Image Search. Paste a photograph into the search box and see if Google can identify it from its library of images.
Voice search on desktops. This brings a mobile search innovation back onto the desktop Web (though, apart from Skype, it’s not clear that users want to talk to their desktop machines yet).
In its usual cryptic way, Google offered a tantalising glimpse of some of the trends in mobile search, without actually giving away too much real information away. Search volumes are up fivefold over the past two years, and the growth trajectory over the past three years has been almost identical to an early three-year period in desktop search (though without knowing which three years, the comparison loses some of its usefulness).
Voice-activated search – a field that could really set Google apart in mobile – is also finally taking off. Voice queries are up sixfold in the past year, and they now amount to “two years of talking” a day. (Our translation: if each query takes an average of 5 seconds, that would be equivalent to around 12m voice searches a day. Not bad, but still tiny compared to the more than 1bn searches a day Google says it handles in all.)

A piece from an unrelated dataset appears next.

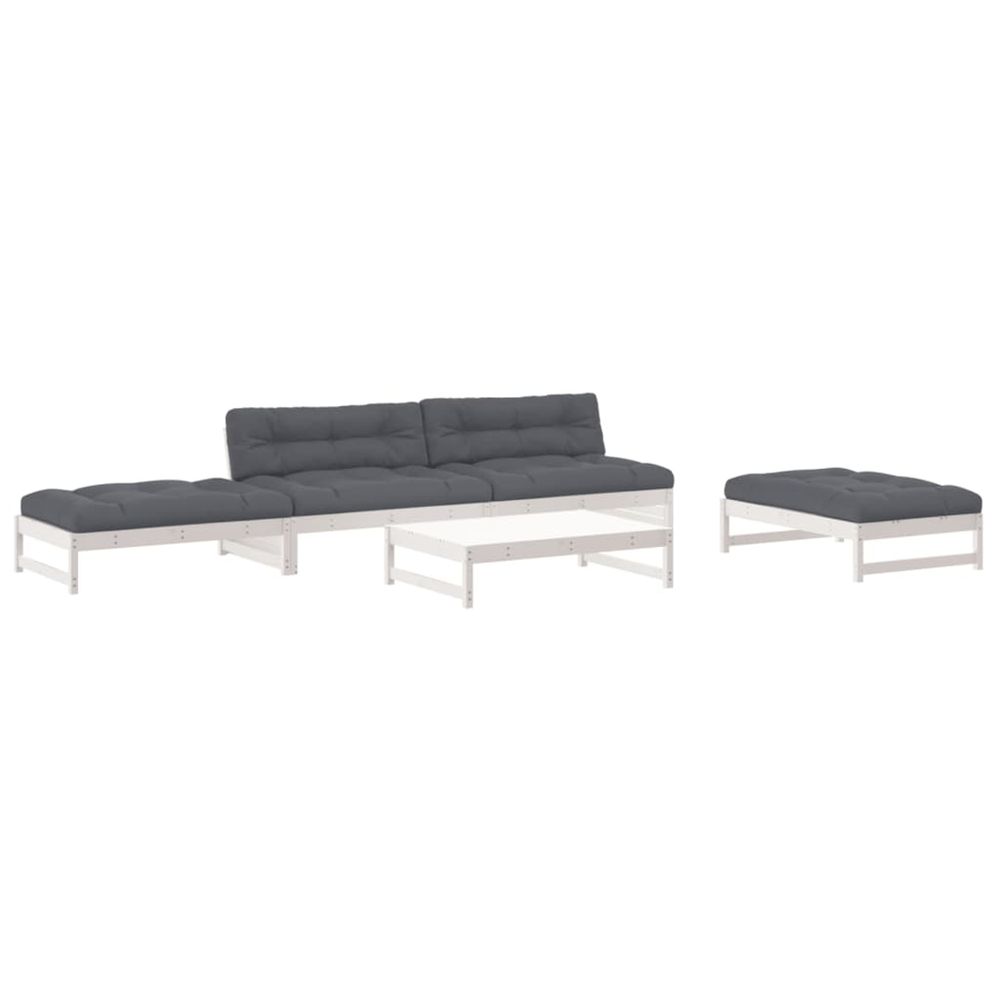 Salon de jardin 5 pcs avec coussins blanc bois massif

When I asked Amit Singhal, head of Google’s search ranking group, whether the three-year comparison of early mobile and desktop also applied to advertising growth, he said the advertising pick-up was “as robust” as it had been on the desktop. (He sounded less positive about the advertising impact of Instant Search, launched a year ago – he described the results as “solid” and said that people were searching more with Instant. Our translation: while volumes have gone up, click-through rates could well be going down.)
Image Search had the biggest “wow” factor of any of the new search features. An old holiday photograph with a rocky island in the background was dropped into the search box, which instantly returned a location.
Anticipating some of the privacy fears, Google said image search did not use facial recognition. But that is when things got a little fuzzy.
When it comes to the face of a well-known public figure, the service might well return a match, said Mr Singhal. And, asked if Google could identify, say, a person’s home from a picture, another Google executive said that the service would work best with images that are common on the Web.
So there is no hard line between the personal and the public here. It just depends on how often an image appears online. Over time, as Google’s technology improves and more personal information finds its way online, that will be a moving line.
Image search, of course, looks like being an extremely useful service. But that could end up being its problem.